1 is a perspective view of a first magnetic wall hanging system; FIG. FIG. 2 is a two-sided view of a magnetic sheet on the side of a magnetic wall in the first magnetic wall hanging system; FIG. 4 is a two-sided view of the magnet sheet on the side of the fastener in the first magnetic wall hanging system; FIG. 11 is a side view showing an example of use of the first magnetic wall hanging system; FIG. 5 is a side view for explaining the acting force and the relative positional relationship between the two magnet sheets in FIG. 4; FIG. 11 is a diagram for explaining a second magnetic wall hanging system; FIG. 10 is a side view for explaining the acting force and the relative positional relationship between the two magnet sheets in the second magnetic wall hanging system; It is an enlarged view of the dashed-dotted line part of FIG.7(b). Fig. 10 is a perspective view of a third magnetic wall-hanging system; FIG. 11 is a front view showing a magnet sheet used in a third magnetic wall hanging system; FIG. 11 is an exploded perspective view showing a modification of the third magnetic wall-hanging system;

[First magnetic wall hanging system]
FIG. 1 is a perspective view showing a first magnetic wall hanging system 1, where (a) is an external view and (b) is a partially exploded view. FIG. 2 is a two-sided view of the magnet sheet 21 on the side of the magnetic wall 10 in the first magnetic wall hanging system 1, where (a) is a front view and (b) is a side view. 3A and 3B are two views of the magnet sheet 51 on the side of the fastener 50 in the first magnetic wall hanging system 1, where (a) is a front view and (b) is a side view.
In addition, in these figures including each figure described later, the three axes of the orthogonal coordinate system are XYZ, and the wall surface 11 of the magnetic wall 10 is assumed to be perpendicular to the XY plane and parallel to the ZX plane. Also, the figures are not necessarily drawn to scale, and some elements thereof are merely drawn for clarity of the invention.
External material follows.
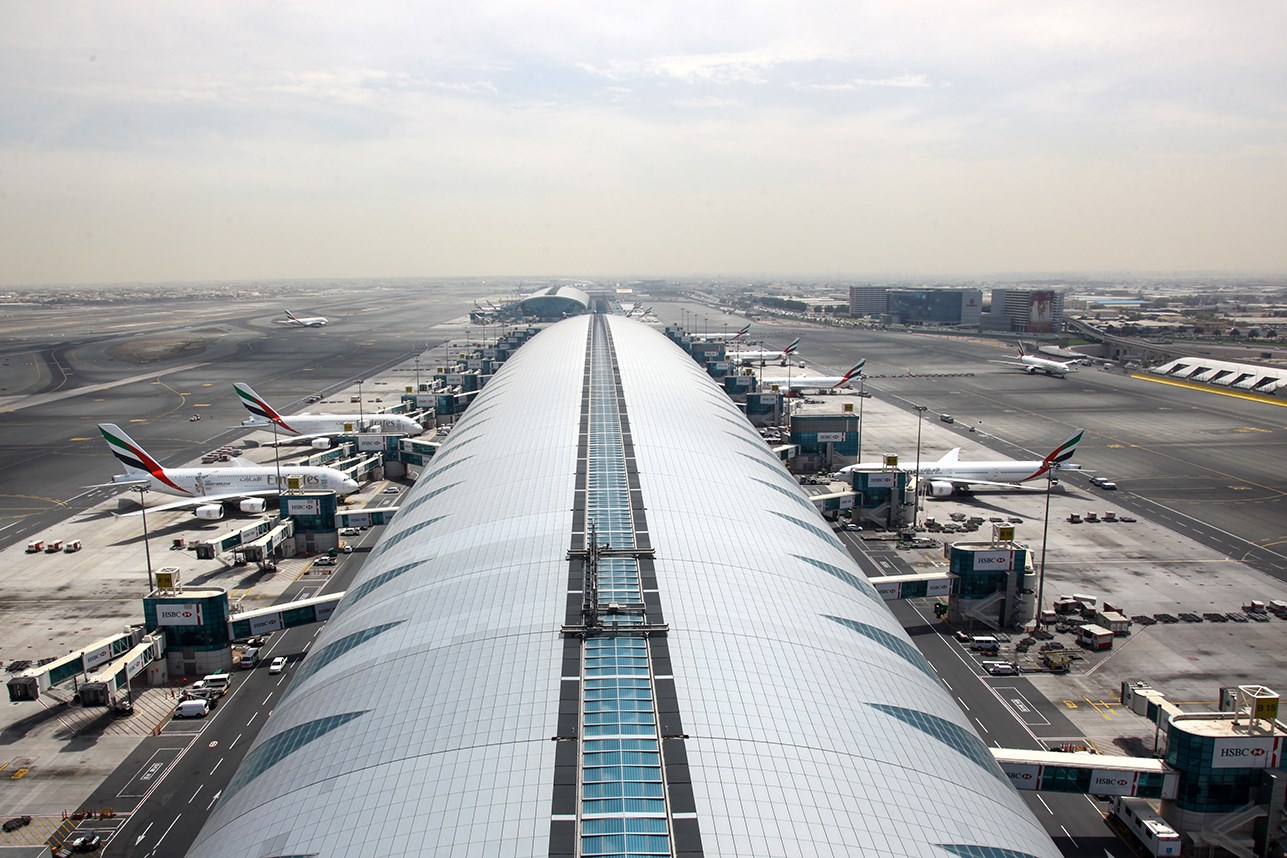 Dar Al Handasah Work Dubai International Concourse C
The first magnetic wall hanging system 1, as shown in FIG. The hook 50 is hooked to the wall surface 11 of the magnetic wall 10 by magnetic attraction between the magnetic sheet 51 and the magnet sheet 51 .

The magnetic wall 10 includes a magnetic wall material sheet 20, a soft magnetic board 30, and a wall base 40, as shown in FIG. 1(b).

The magnetic wall material sheet 20 is configured by laminating a wall material film 25 on a magnet sheet 21 via, for example, a urethane-based adhesive.

The magnet sheet 21 is a flexible sheet-like magnet with a thickness of 80 μm to 400 μm, and as shown in FIG. poles and S poles) are alternately formed in stripes at equal intervals to form a double-sided multipolar magnetization type having magnetization lines 24X at a constant pitch. Here, the magnetization line 24X is an imaginary boundary line between an arbitrary magnetic pole 22 on the surface of the magnet sheet 21 magnetized to multiple poles and the adjacent magnetic pole 23 having a different polarity. In reality, it is a part that looks white when a magnetic viewing sheet (a film in which magnetic fluid microcapsules are uniformly dispersed) is brought into close contact, and the normal direction on the surface of the magnetic sheet, that is, perpendicular to the surface A region in which the directional magnetic field is significantly weaker or zero. That is, the magnetization line 24X means a virtual line on the sheet surface. The magnetization lines 24X in the present invention are located at both ends of the magnet sheet 21 in the thickness direction in a side view.

The reason why the thickness of the magnet sheet 21 is set within the above range is to ensure fire resistance and magnetic retention. That is, if it exceeds 400 μm, it becomes difficult to ensure fire resistance, and if it is less than 80 μm, sufficient magnetic holding force cannot be expected. The double-sided multipolar magnetization type is used because both the front and back sides require a suitable magnetic attracting force. That is, one surface of the magnet sheet 21 faces the indoor space, and is provided with a display piece equipped with a ferromagnetic material (which may or may not have properties as a magnet) or a hanging member such as a shelf. The other surface is magnetically attracted to a soft magnetic board 30 having a soft magnetic layer 32 (described later), and functions to ensure the back yoke effect that occurs at that time. It is from.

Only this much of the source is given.